Monday, 4 February 2013
the home made guitar reaches the tack cloth stage (Guitar Part 4)
The guitar project is proceeding in the background. I've a few days at home this week, before I travel to Liverpool for work on Thursday.
It's quite useful because I'm at the spray painting stage. This appears to require frequent sessions spraying very thin coats, first of primer and now I'm moving on to the Ford Focus GT Pearlescent Orange middle layers.
The face mask seems even more important because I can see all the tiny aluminium particles used to make the pearlescence as they float in the air.
I've also got a whole selection of 600, 800, 1200 and 2000 wet and dry silicon carbide paper for the intermediate sanding and something called a tack cloth to wipe down the prepared surface.
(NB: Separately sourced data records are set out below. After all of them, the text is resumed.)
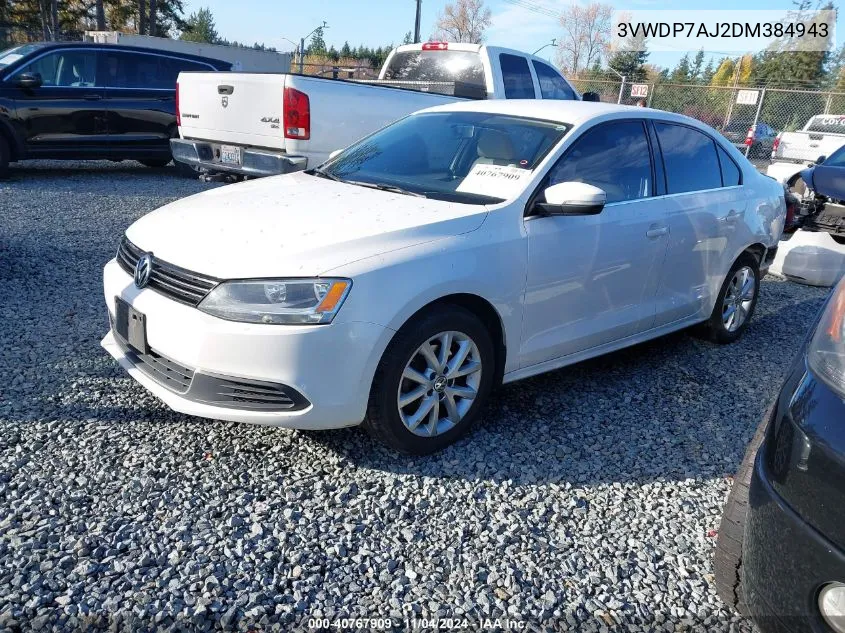 2013 Volkswagen Jetta 2.5L Se VIN: 3VWDP7AJ2DM384943 Lot: 40767909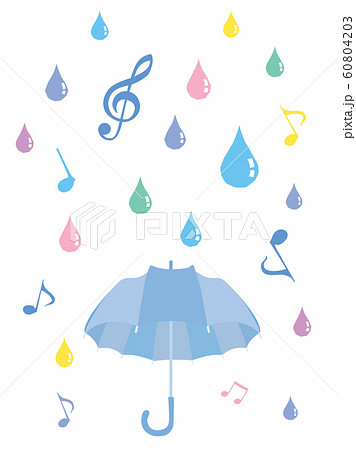梅雨の傘と音符と雨の雫のイラストのイラスト素材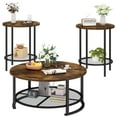 thumbnail image 1 of Furlinkhm 3-Piece Coffee Table Sets for Living Room, Round Coffee and End Table Set of 3 with Double-Layer Large Storage, Modern Farmhouse Furniture for Apartment Home Office, Rustic Brown, 1 of 8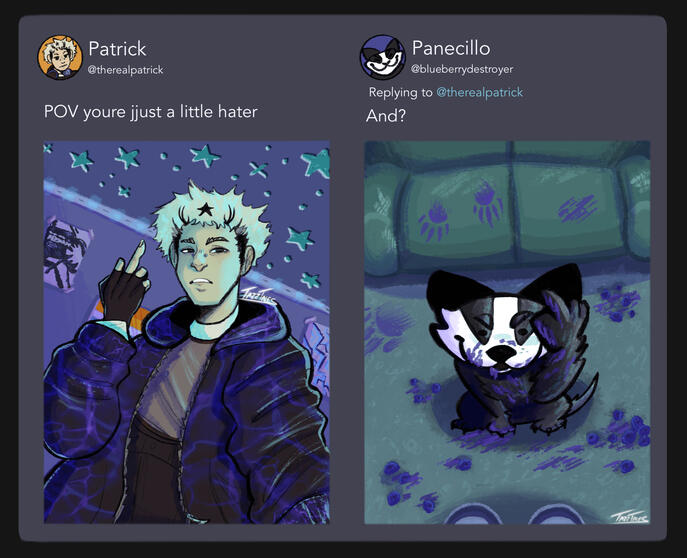 Artfight Attack on Patrick &amp; Panecillo (@Tinto)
That's a whole new learning curve for me.
The timber for the body is alder, which is relatively inexpensive but quite stable.
It is more suitable for painting in a block colour, rather than staining to bring out the not very interesting wood grain.
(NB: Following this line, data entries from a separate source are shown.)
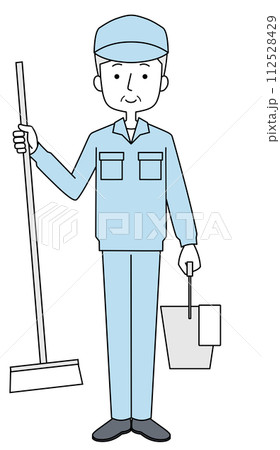 掃除用具を持った清掃員のシニア男性のイラスト 掃除用具を持った清掃員のシニア男性のイラスト 112528429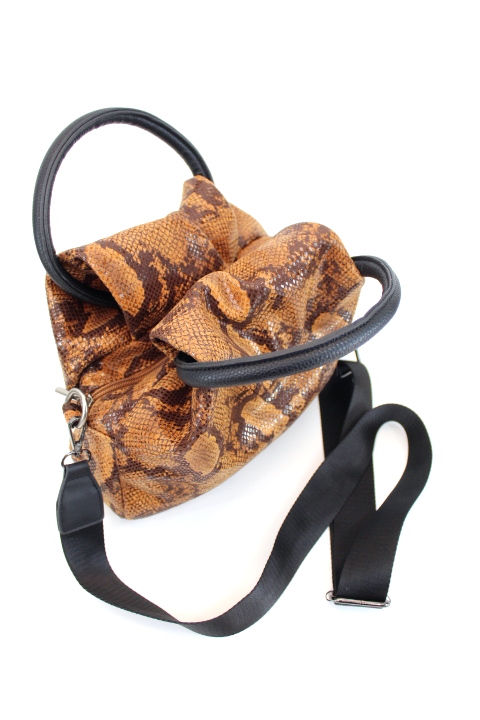 Sac bandoulière + anses rondes motif serpent avec 1 poche intérieure (possibilité d'enlever la bandoulière) - Accessoire de seconde main - Friperie en ligne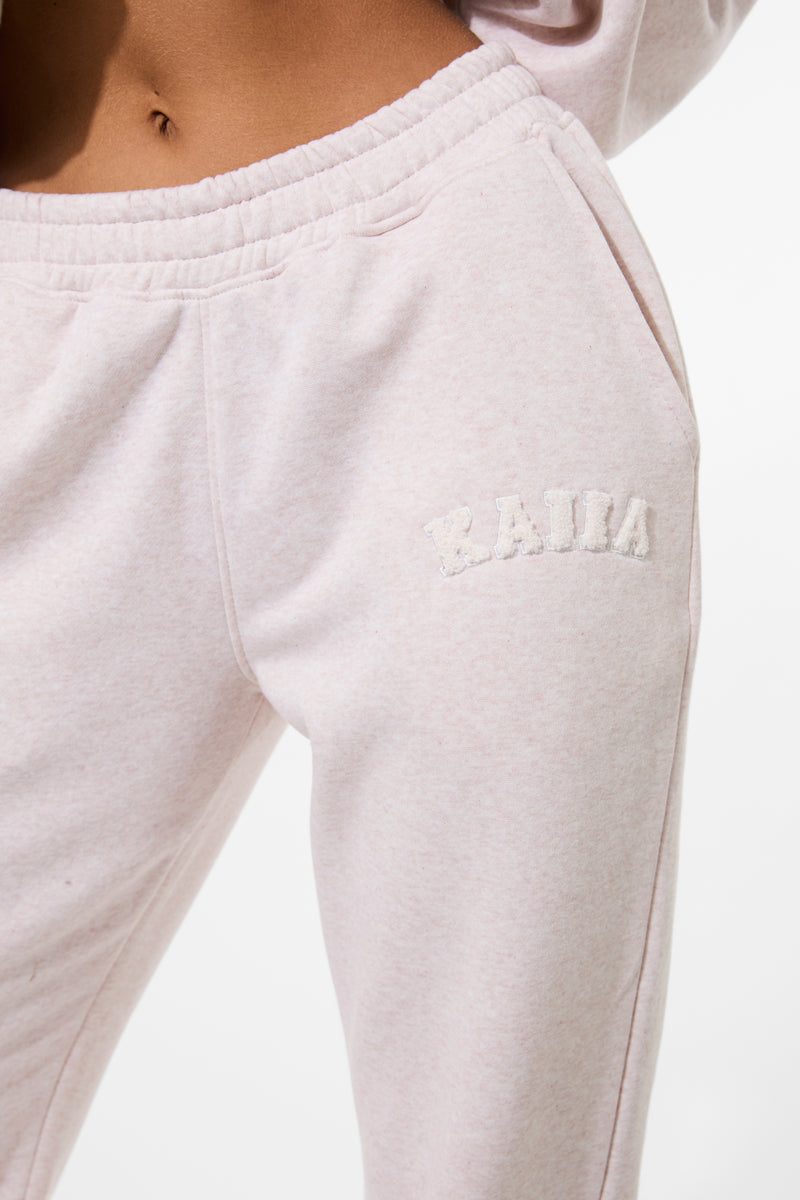 Kaiia Logo Wide Leg Joggers Oat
I see that fancy guitars get made of harder woods and they can have very attractive patterning. I suspect that is why they get stained to show the natural wood grains. I'm realistic enough to know that I'd just ruin anything too fancy.
They say that the wood affects the guitar tone too. I understand the basic physics, such that no-one makes electric guitars from hard rubber or plastic, but I also wonder about the whole maple vs mahogany vs walnut discussion. I'm sure the guitar's own resonance must make some difference, but I can't help thinking that on an electric guitar the signal chain of pickups, tone controls and amplifiers will be the more dramatic factor. Maybe someone should run some blind tests of different guitars.
Anyway, I see lots of Fender guitars are made from alder, so it can't be too bad.
I've also started to] marshal some switches for the various controls. I decided to make a cardboard template and screw the controls to it. Even with just two pickups there's a surprisingly large variety of wiring options.